Items listed in a dataset:
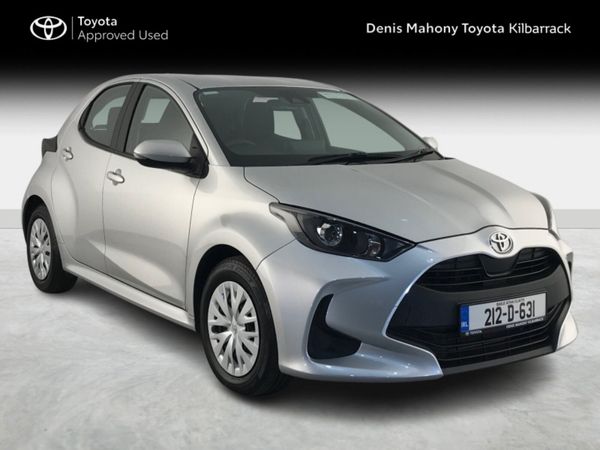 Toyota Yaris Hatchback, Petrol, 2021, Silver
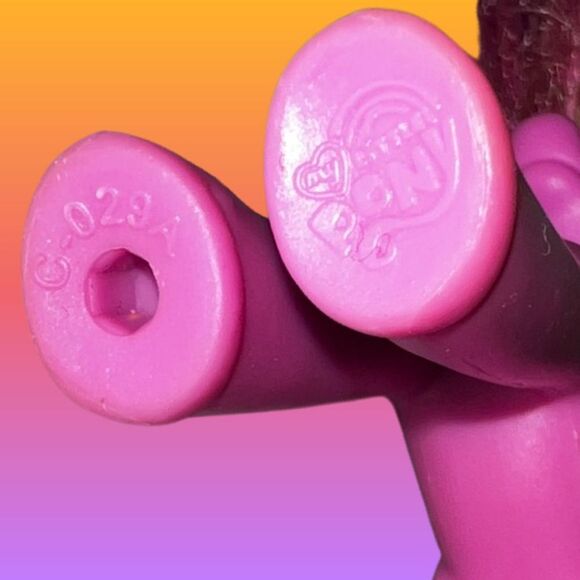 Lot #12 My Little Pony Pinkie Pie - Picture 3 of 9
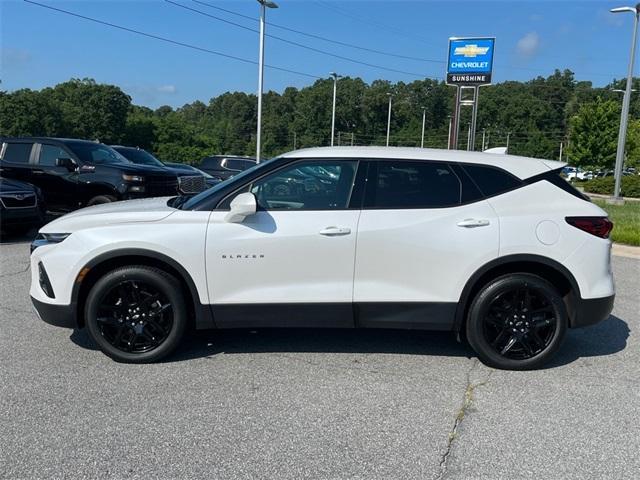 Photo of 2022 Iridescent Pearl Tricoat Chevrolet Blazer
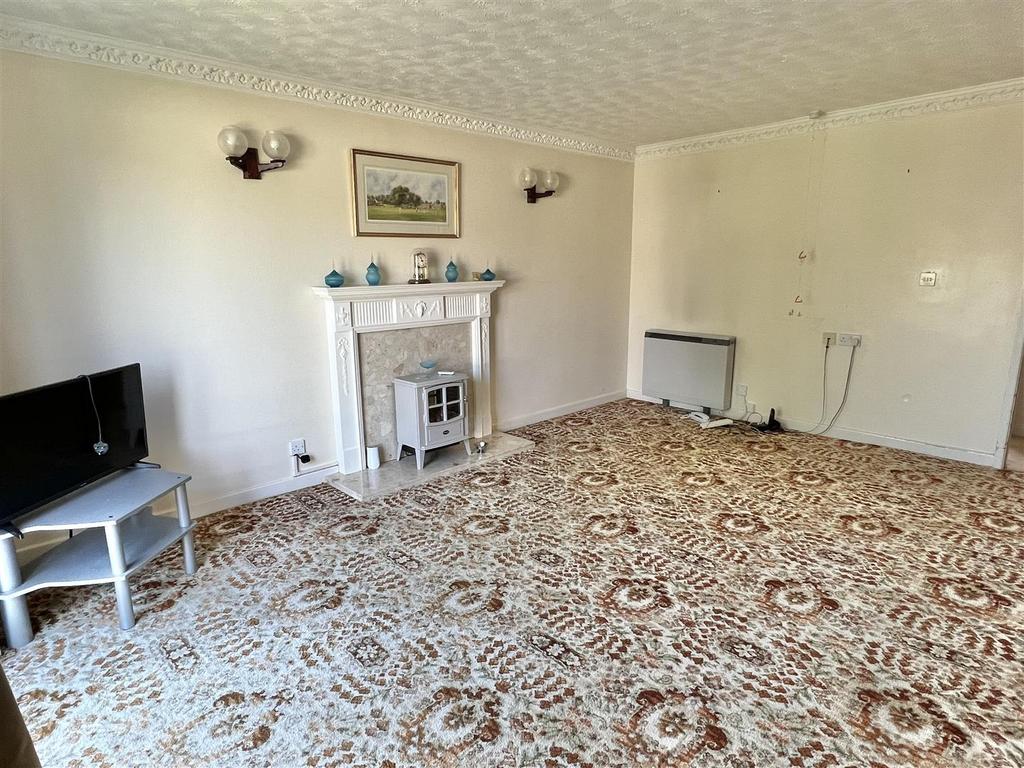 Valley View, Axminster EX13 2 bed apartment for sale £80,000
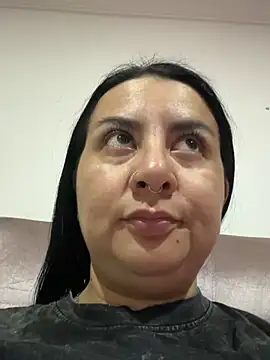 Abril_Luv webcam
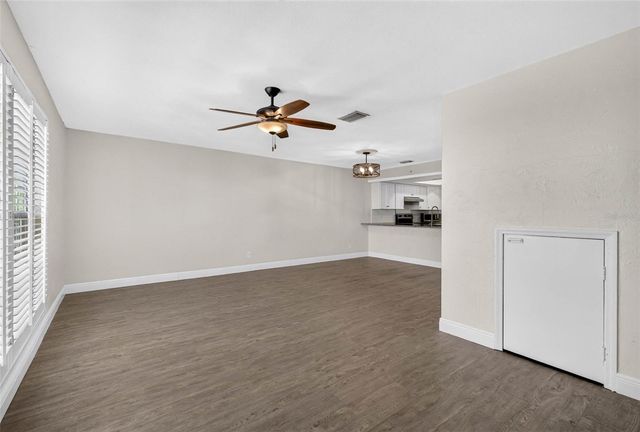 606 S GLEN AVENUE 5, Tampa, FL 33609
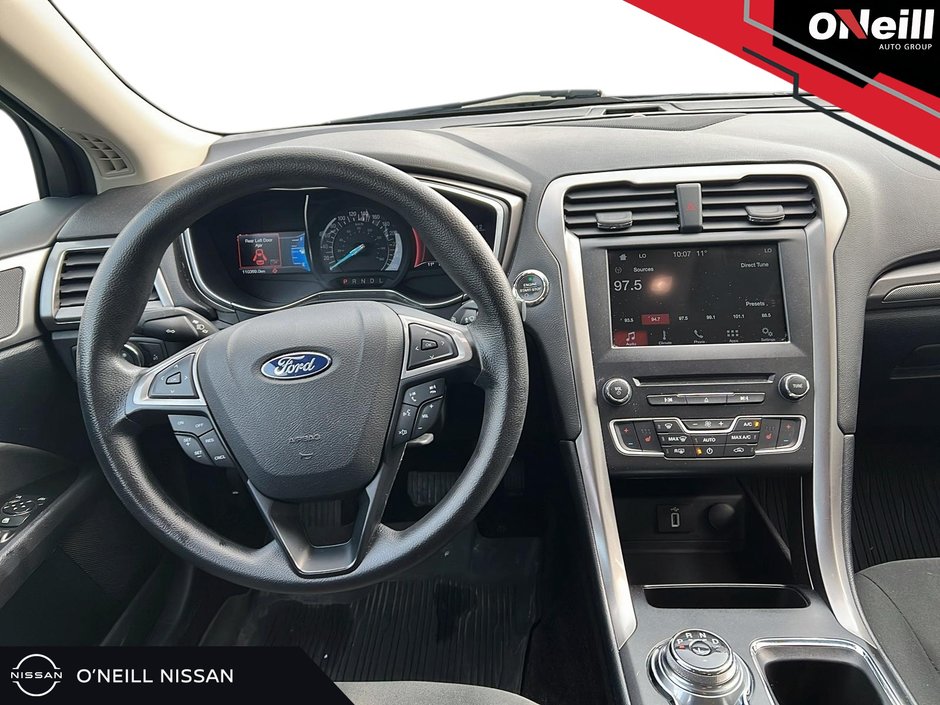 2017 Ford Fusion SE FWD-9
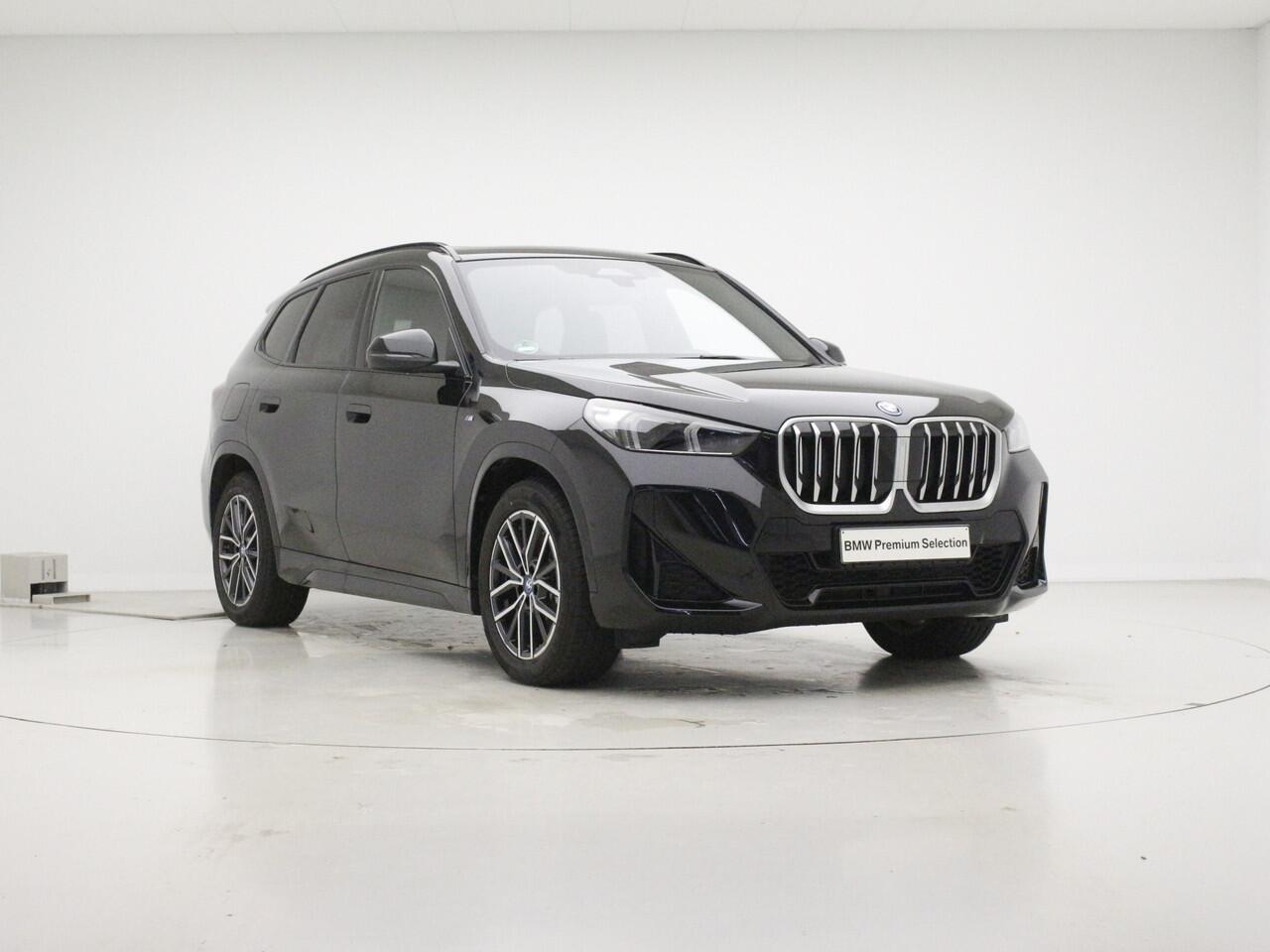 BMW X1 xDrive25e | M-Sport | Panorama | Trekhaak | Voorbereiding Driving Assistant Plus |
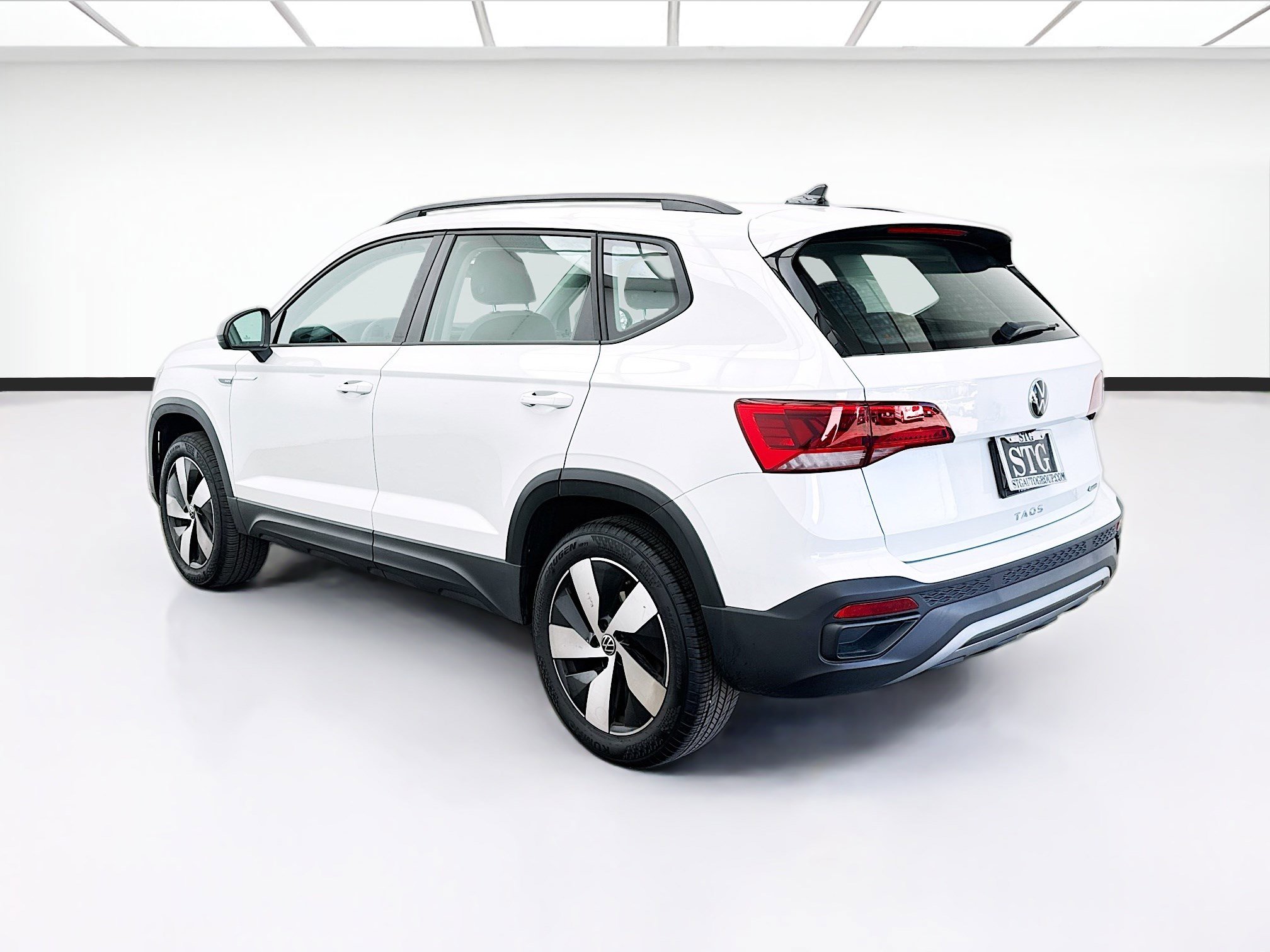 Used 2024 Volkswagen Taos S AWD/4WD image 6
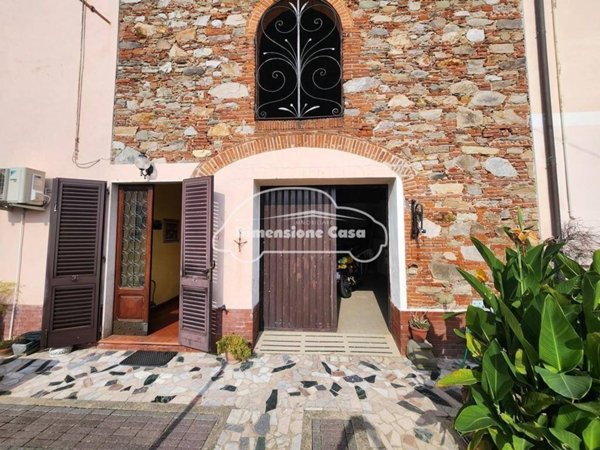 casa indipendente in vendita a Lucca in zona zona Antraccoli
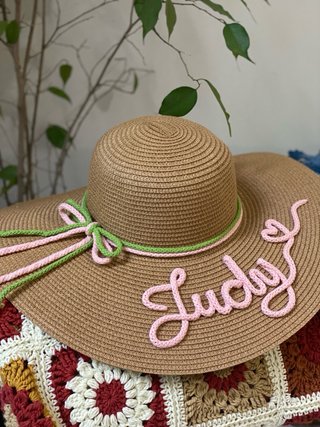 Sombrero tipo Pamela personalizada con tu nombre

(THE PROBLEM): Retype the records above exactly, leaving every picture out of your copy.

(ANSWER SECTION):
 Toyota Yaris Hatchback, Petrol, 2021, Silver
 Lot #12 My Little Pony Pinkie Pie - Picture 3 of 9
 Photo of 2022 Iridescent Pearl Tricoat Chevrolet Blazer
 Valley View, Axminster EX13 2 bed apartment for sale £80,000
 Abril_Luv webcam
 606 S GLEN AVENUE 5, Tampa, FL 33609
 2017 Ford Fusion SE FWD-9
 BMW X1 xDrive25e | M-Sport | Panorama | Trekhaak | Voorbereiding Driving Assistant Plus |
 Used 2024 Volkswagen Taos S AWD/4WD image 6
 casa indipendente in vendita a Lucca in zona zona Antraccoli
 Sombrero tipo Pamela personalizada con tu nombre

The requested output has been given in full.